> **Exercise prompt**:
Reproduce, exactly and in full, only the lines below from the one containing "Robe Dentelle Élégance Satinée - gallery 3" through the one containing "Additional image 12".

(Stored data)
= = = = =
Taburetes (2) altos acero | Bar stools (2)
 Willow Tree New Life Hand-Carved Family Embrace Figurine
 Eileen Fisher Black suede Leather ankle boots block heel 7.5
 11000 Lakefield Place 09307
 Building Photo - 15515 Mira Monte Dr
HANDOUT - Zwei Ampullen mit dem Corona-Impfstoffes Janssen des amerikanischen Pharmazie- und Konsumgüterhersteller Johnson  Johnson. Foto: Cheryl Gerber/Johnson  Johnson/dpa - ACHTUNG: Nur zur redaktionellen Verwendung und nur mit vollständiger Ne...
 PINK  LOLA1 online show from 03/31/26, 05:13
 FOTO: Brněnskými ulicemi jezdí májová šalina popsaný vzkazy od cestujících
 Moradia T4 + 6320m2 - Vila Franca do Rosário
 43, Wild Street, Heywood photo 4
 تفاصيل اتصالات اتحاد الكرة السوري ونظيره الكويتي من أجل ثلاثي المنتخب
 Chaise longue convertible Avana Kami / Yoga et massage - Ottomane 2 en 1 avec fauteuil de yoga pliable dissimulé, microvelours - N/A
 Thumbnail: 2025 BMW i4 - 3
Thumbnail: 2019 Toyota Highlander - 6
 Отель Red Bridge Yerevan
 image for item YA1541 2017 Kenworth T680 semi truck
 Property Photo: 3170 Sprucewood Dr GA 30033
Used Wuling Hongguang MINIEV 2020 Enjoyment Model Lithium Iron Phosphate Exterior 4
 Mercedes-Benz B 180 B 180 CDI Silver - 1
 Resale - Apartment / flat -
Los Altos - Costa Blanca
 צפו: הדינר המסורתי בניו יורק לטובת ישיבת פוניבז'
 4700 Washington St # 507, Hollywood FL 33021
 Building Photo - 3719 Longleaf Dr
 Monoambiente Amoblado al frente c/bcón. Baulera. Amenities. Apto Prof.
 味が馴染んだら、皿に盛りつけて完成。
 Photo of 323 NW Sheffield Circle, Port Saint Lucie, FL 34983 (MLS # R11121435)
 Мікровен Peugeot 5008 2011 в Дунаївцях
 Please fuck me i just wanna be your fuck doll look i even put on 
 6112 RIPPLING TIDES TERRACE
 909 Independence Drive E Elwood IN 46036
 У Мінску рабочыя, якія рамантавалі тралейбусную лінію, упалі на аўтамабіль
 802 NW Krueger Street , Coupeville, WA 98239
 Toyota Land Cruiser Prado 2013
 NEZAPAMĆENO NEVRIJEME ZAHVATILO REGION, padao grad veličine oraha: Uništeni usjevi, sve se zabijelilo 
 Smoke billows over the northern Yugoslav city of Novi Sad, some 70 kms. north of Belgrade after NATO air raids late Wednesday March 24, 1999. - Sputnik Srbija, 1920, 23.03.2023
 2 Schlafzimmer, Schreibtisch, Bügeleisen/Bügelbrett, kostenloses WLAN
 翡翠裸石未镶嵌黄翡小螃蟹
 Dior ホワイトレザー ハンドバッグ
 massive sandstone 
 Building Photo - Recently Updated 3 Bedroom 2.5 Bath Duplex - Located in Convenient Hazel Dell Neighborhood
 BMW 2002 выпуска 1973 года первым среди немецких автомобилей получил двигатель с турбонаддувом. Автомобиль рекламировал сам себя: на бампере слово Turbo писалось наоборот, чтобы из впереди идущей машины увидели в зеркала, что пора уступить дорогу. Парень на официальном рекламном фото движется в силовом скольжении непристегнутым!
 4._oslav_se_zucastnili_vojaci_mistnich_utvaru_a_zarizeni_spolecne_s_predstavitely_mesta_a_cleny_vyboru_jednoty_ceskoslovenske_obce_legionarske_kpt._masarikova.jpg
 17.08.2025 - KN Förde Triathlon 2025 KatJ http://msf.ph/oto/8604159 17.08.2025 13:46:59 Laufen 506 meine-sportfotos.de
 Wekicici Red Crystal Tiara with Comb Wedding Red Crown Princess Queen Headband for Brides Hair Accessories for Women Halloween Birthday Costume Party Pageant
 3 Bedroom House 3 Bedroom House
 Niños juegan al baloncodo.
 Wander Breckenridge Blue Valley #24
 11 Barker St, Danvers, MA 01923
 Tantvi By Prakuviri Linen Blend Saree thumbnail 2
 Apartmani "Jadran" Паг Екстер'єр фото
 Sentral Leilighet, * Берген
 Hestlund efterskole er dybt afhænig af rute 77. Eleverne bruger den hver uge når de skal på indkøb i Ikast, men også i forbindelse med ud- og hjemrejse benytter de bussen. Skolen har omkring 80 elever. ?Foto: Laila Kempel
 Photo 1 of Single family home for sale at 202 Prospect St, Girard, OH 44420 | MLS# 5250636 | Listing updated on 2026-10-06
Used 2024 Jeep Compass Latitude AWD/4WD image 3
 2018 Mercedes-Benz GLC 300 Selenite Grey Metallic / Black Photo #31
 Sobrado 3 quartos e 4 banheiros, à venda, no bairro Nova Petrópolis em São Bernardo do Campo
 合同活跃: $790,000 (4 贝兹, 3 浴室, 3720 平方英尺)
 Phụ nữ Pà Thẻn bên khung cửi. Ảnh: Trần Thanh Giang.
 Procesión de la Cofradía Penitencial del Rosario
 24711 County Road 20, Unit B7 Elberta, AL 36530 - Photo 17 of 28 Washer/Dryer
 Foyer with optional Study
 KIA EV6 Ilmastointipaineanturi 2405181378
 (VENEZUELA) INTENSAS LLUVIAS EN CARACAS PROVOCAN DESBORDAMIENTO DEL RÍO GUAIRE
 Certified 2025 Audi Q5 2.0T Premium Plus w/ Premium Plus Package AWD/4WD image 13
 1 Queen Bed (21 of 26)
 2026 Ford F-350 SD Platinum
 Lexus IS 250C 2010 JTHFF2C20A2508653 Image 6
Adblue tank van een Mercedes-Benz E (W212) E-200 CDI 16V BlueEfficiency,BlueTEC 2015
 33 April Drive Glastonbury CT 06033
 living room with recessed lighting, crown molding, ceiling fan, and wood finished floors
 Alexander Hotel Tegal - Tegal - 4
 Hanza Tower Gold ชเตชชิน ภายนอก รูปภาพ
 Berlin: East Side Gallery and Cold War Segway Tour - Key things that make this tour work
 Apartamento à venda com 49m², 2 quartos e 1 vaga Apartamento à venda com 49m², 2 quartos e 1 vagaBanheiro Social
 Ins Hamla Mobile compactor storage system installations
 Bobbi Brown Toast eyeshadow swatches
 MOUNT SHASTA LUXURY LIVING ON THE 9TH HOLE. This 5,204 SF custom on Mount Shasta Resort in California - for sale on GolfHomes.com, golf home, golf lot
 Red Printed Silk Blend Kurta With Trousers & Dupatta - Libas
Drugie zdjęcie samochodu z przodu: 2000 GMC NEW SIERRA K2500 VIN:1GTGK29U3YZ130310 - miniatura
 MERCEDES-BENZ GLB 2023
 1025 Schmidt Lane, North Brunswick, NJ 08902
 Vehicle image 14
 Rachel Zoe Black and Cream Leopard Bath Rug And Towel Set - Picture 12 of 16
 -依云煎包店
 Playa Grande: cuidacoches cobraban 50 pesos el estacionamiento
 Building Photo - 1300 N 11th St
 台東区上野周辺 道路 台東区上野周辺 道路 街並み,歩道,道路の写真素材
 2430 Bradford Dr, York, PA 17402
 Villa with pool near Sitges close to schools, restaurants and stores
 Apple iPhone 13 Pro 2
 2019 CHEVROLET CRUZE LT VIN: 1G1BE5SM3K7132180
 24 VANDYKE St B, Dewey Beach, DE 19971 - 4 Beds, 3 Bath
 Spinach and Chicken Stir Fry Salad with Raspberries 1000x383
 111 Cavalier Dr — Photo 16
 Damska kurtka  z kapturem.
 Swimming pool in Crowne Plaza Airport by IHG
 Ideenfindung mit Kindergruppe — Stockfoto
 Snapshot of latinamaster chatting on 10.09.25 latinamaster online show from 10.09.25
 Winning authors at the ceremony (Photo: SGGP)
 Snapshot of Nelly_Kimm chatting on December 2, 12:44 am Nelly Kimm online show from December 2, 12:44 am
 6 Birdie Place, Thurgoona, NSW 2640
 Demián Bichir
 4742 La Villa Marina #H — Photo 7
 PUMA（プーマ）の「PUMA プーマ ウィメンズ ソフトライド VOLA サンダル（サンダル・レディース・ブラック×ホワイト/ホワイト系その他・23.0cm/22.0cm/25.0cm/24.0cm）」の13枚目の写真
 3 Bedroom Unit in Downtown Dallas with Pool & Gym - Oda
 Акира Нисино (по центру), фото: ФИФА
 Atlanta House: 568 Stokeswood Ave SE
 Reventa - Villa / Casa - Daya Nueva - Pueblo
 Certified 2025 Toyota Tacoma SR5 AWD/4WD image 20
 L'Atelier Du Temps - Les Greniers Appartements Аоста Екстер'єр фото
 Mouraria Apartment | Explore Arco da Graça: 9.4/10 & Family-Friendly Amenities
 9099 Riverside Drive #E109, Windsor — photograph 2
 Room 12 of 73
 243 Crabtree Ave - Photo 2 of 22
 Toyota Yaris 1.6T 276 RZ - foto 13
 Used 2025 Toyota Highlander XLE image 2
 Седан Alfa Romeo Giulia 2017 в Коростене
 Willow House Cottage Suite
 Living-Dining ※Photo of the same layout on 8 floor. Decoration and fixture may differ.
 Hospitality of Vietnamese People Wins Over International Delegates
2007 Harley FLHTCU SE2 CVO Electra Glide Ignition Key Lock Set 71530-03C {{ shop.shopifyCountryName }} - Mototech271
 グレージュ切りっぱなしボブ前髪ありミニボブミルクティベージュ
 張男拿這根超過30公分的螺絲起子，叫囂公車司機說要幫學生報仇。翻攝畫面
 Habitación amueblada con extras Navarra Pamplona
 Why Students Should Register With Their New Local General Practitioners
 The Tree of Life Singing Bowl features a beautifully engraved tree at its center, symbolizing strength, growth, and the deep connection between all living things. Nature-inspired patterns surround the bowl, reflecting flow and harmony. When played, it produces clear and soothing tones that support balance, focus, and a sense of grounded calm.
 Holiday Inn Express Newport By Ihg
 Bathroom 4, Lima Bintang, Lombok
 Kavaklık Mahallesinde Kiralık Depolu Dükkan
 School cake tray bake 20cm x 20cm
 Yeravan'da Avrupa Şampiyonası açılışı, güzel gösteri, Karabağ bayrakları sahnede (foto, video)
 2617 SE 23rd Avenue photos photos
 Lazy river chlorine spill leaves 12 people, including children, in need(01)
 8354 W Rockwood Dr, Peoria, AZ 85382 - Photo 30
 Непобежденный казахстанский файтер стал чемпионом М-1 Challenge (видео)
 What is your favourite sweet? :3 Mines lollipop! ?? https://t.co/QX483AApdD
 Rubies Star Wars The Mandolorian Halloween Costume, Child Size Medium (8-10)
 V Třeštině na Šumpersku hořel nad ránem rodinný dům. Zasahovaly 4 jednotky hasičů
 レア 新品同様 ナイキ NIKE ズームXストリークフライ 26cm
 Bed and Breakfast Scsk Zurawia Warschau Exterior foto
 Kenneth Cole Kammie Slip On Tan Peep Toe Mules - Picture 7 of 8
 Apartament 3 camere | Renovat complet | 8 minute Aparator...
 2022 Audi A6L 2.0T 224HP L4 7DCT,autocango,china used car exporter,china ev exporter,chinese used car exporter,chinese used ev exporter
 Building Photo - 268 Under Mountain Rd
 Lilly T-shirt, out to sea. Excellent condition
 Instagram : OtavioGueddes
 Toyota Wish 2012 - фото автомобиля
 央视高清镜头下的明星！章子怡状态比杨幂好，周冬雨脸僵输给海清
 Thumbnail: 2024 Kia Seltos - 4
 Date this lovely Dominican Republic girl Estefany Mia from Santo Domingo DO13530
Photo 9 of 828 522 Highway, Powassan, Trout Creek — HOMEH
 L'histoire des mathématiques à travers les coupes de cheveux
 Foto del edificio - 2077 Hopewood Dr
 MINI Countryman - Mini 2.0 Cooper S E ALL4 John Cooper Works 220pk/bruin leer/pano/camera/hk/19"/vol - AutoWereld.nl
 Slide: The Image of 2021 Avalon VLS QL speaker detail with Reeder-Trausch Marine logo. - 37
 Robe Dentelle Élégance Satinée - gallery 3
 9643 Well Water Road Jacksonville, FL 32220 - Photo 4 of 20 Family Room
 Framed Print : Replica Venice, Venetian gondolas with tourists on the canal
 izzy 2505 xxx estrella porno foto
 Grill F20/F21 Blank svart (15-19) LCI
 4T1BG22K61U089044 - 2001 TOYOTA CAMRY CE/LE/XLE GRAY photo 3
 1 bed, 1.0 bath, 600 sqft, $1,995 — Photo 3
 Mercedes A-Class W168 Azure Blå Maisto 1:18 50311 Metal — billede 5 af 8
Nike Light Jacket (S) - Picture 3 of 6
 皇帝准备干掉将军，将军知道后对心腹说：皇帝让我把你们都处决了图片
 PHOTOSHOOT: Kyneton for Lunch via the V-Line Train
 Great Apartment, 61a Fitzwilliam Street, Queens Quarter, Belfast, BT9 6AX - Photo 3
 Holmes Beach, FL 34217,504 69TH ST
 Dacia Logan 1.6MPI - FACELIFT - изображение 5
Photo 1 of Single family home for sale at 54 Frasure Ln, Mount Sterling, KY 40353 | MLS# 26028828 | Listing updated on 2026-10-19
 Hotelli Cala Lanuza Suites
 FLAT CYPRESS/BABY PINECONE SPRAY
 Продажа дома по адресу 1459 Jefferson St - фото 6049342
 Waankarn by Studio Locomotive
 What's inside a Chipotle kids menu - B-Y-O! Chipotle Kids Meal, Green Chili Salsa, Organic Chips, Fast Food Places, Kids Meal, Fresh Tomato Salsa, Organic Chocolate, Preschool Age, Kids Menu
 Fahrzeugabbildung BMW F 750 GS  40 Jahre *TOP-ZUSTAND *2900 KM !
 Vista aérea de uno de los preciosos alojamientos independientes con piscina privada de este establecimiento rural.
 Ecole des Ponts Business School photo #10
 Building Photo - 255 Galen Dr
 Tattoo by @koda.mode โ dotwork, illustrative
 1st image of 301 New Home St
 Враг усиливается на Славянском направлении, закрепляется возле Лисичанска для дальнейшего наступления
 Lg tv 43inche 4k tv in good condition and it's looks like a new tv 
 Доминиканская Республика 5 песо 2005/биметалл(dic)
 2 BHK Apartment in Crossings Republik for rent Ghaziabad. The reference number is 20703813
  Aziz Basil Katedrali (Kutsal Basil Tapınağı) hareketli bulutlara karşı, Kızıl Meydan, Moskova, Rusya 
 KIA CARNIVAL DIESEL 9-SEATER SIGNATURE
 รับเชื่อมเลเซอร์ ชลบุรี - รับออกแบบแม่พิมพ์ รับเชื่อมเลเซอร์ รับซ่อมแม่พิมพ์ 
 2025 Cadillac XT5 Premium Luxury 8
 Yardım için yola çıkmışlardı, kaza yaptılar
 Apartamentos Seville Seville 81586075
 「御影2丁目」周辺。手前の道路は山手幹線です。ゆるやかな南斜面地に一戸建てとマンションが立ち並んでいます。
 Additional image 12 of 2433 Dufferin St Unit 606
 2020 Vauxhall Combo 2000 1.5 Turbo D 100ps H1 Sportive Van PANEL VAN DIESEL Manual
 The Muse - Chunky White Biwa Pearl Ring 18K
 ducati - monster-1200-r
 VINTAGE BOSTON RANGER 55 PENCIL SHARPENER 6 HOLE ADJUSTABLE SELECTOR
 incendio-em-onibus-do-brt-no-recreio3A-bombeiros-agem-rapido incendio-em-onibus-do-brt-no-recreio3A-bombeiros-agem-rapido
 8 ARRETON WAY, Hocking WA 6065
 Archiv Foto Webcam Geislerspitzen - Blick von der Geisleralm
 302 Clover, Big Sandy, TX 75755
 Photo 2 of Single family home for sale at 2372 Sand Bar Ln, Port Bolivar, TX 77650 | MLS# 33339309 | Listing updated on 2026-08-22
= = = = =
> **Reply to the exercise**:
 Robe Dentelle Élégance Satinée - gallery 3
 9643 Well Water Road Jacksonville, FL 32220 - Photo 4 of 20 Family Room
 Framed Print : Replica Venice, Venetian gondolas with tourists on the canal
 izzy 2505 xxx estrella porno foto
 Grill F20/F21 Blank svart (15-19) LCI
 4T1BG22K61U089044 - 2001 TOYOTA CAMRY CE/LE/XLE GRAY photo 3
 1 bed, 1.0 bath, 600 sqft, $1,995 — Photo 3
 Mercedes A-Class W168 Azure Blå Maisto 1:18 50311 Metal — billede 5 af 8
Nike Light Jacket (S) - Picture 3 of 6
 皇帝准备干掉将军，将军知道后对心腹说：皇帝让我把你们都处决了图片
 PHOTOSHOOT: Kyneton for Lunch via the V-Line Train
 Great Apartment, 61a Fitzwilliam Street, Queens Quarter, Belfast, BT9 6AX - Photo 3
 Holmes Beach, FL 34217,504 69TH ST
 Dacia Logan 1.6MPI - FACELIFT - изображение 5
Photo 1 of Single family home for sale at 54 Frasure Ln, Mount Sterling, KY 40353 | MLS# 26028828 | Listing updated on 2026-10-19
 Hotelli Cala Lanuza Suites
 FLAT CYPRESS/BABY PINECONE SPRAY
 Продажа дома по адресу 1459 Jefferson St - фото 6049342
 Waankarn by Studio Locomotive
 What's inside a Chipotle kids menu - B-Y-O! Chipotle Kids Meal, Green Chili Salsa, Organic Chips, Fast Food Places, Kids Meal, Fresh Tomato Salsa, Organic Chocolate, Preschool Age, Kids Menu
 Fahrzeugabbildung BMW F 750 GS  40 Jahre *TOP-ZUSTAND *2900 KM !
 Vista aérea de uno de los preciosos alojamientos independientes con piscina privada de este establecimiento rural.
 Ecole des Ponts Business School photo #10
 Building Photo - 255 Galen Dr
 Tattoo by @koda.mode โ dotwork, illustrative
 1st image of 301 New Home St
 Враг усиливается на Славянском направлении, закрепляется возле Лисичанска для дальнейшего наступления
 Lg tv 43inche 4k tv in good condition and it's looks like a new tv 
 Доминиканская Республика 5 песо 2005/биметалл(dic)
 2 BHK Apartment in Crossings Republik for rent Ghaziabad. The reference number is 20703813
  Aziz Basil Katedrali (Kutsal Basil Tapınağı) hareketli bulutlara karşı, Kızıl Meydan, Moskova, Rusya 
 KIA CARNIVAL DIESEL 9-SEATER SIGNATURE
 รับเชื่อมเลเซอร์ ชลบุรี - รับออกแบบแม่พิมพ์ รับเชื่อมเลเซอร์ รับซ่อมแม่พิมพ์ 
 2025 Cadillac XT5 Premium Luxury 8
 Yardım için yola çıkmışlardı, kaza yaptılar
 Apartamentos Seville Seville 81586075
 「御影2丁目」周辺。手前の道路は山手幹線です。ゆるやかな南斜面地に一戸建てとマンションが立ち並んでいます。
 Additional image 12 of 2433 Dufferin St Unit 606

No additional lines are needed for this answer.